Selection bias though. We don’t know how many have not yet been caught.
agree. Hell i wouldnt be shocked if some corporations or even nation-state (ie: NSA) actors do this, in a much better/more professional manner to ensure things like…backdoor access.
No hypothesis needed https://en.wikipedia.org/wiki/EternalBlue can’t have been a one-off either.
Yeha that was my though. But more a dedicated program to do similar with large FOSS projects.
They also have hardware/supply chain intercept programs to install back doors in closed source appliances (ie: Cisco firewalls)
So something similar but dedicated to open source PRs.
No, but someone knows how and does. If there’s something bad, there’ll be a big stink.
I don’t really think auditing is a compelling argument for FOSS. You can hire accredited companies to audit and statically analyse closed source code, and one could argue that marketable software legally has to meet different (and stricter) criteria due to licensing (MIT, GPL, and BSD are AS IS licenses), that FOSS do not have to meet.
The most compelling argument for FOSS (for me) is that innovation is done in the open. When innovation is done in the open, more people can be compelled to learn to code, and redundant projects can be minimised (i.e. just contribute to an existing implementation, rather than inventing a new). It simply is the most efficient way to author software.
I’m probably wearing rose tinted glasses, but the garage and bedroom-coders of the past, whom developed on completely open systems moved the whole industry forward at a completely different pace than today.

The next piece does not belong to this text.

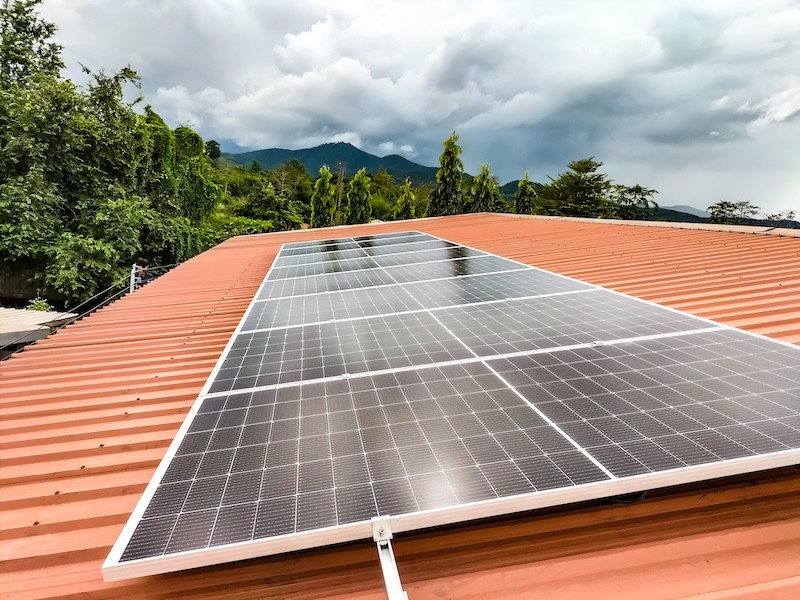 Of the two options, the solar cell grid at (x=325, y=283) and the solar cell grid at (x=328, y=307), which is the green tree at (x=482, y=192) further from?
the solar cell grid at (x=328, y=307)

LOL, only if by that weasel-word “marketable” you mean “sold for business use along with a support contract and/or SLA).” Otherwise, proprietary software targeting consumers has just as many disclaimers as Free Software does.

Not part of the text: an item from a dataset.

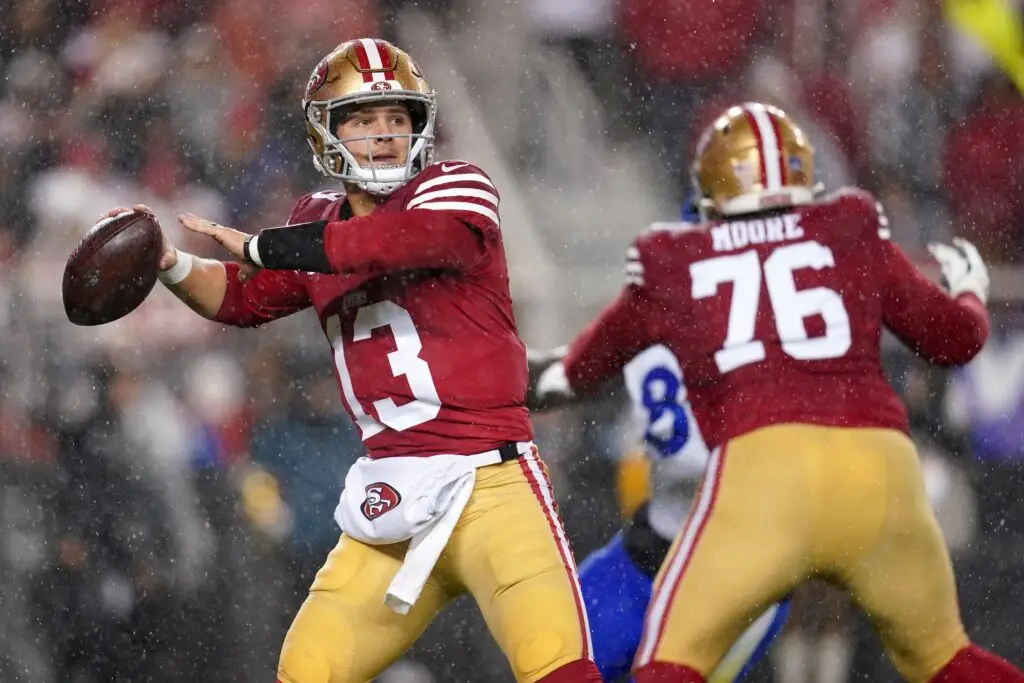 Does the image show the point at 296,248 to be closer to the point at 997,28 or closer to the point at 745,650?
the point at 745,650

(Also, I’m not even going to bother addressing the silly biased framing attempting to disparage Free Software as not marketable.)
Did you fabricate that CPU? Did you write that compiler? You gotta trust someone at some point. You can either trust someone because you give them money and it’s theoretically not in their interest to screw you (lol) or because they make an effort to be transparent and others (maybe you, maybe not) can verify their claims about what the software is.
It usually boils down to this, something can be strictly better but not perfect.
The ability to audit the code is usually strictly better than closed source. Though I’m sure an argument could be made about exposing the code base to bad actors I generally think it’s a worthy trade off.
This all or nothing attitude is boring.
No they don’t fabricate the CPU doesn’t mean thry should hand out their data to some corporation …
Trust has no place in computing.
“Trust has no place in computing” is a concept that we are still quite distant from, in practical terms.
But yeah, definitely don’t hand your personal information over to a corporation, even if they’re offering to take a lot of your money, too!